*** Source data ***

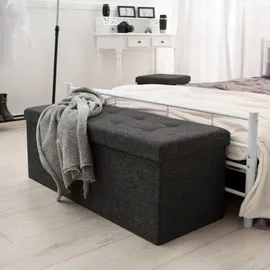 Tectake Sitzhocker mit Stauraum 110x38x38cm - dunkelgrau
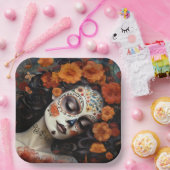 Aangepaste tekst 💀 Artful La Calavera Catrina Papieren Bordje (Feest)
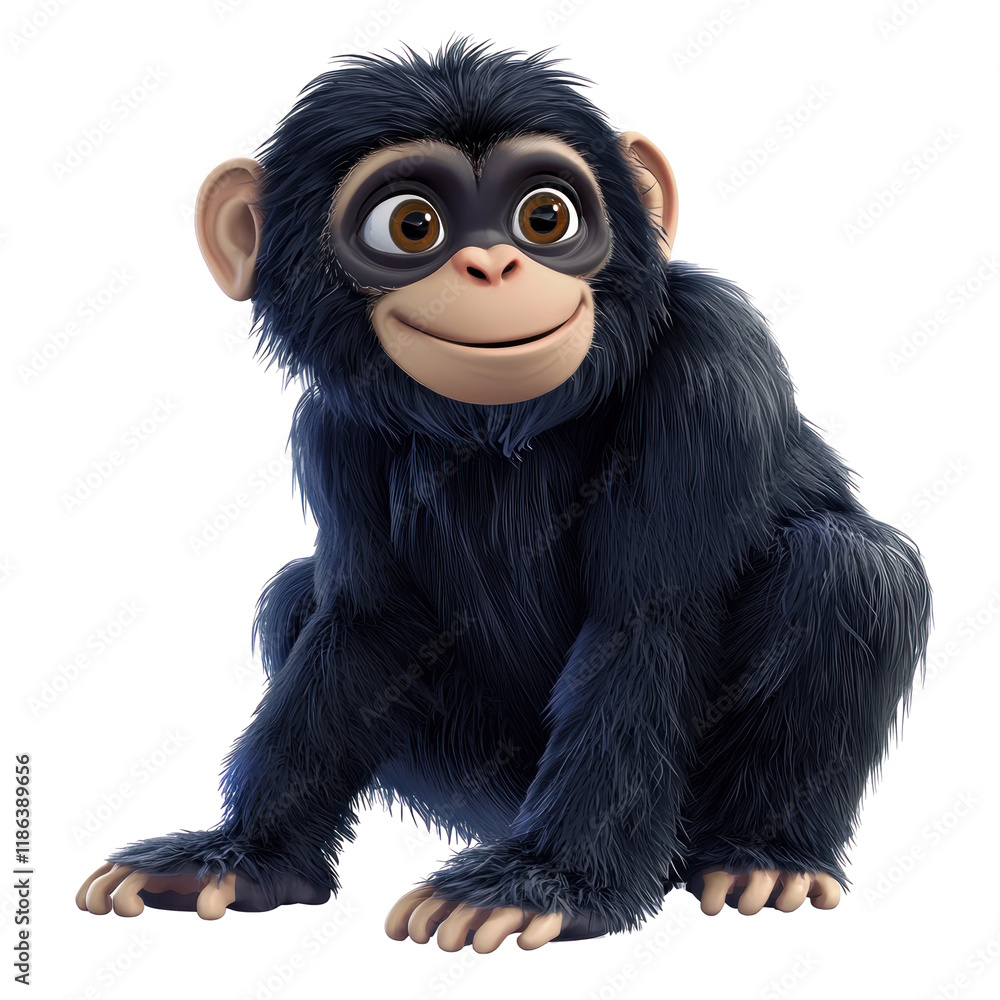 Fototapeta premium Cute Cartoon Siamang Monkey Character in 3D Style with Big Eyes and Playful Expression on transparent background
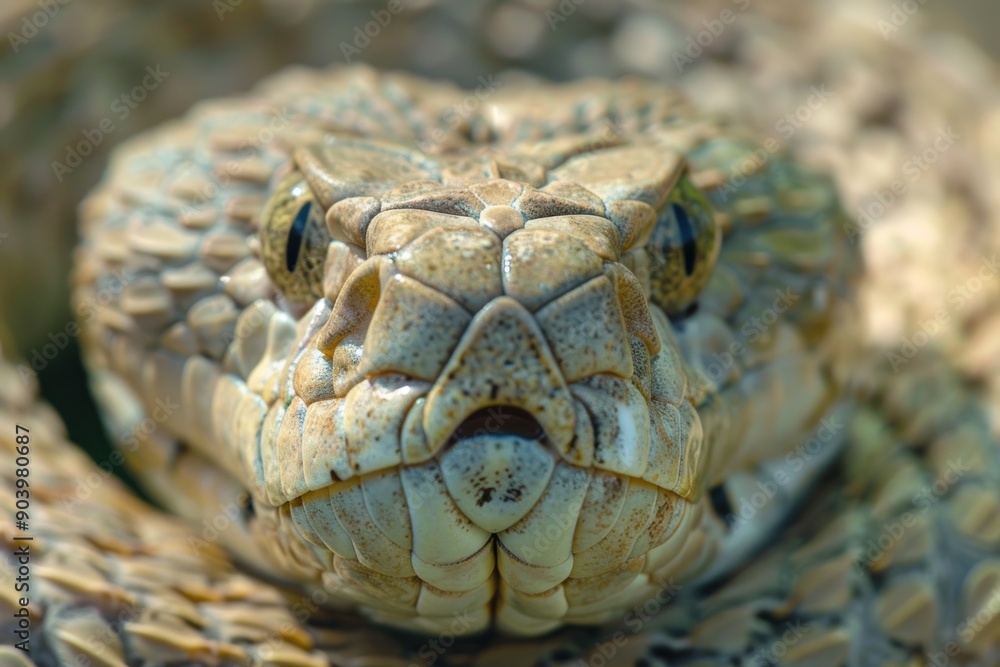 Obraz premium Snake closeup face. Macro shot of snake close up head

*** End of Source data ***

### What is being asked
Only the lines from the one that holds "Fototapeta premium Cute" through the final line of the material should be reproduced, word for word, with the pictures omitted.

### Exercise solution
 Fototapeta premium Cute Cartoon Siamang Monkey Character in 3D Style with Big Eyes and Playful Expression on transparent background
 Obraz premium Snake closeup face. Macro shot of snake close up head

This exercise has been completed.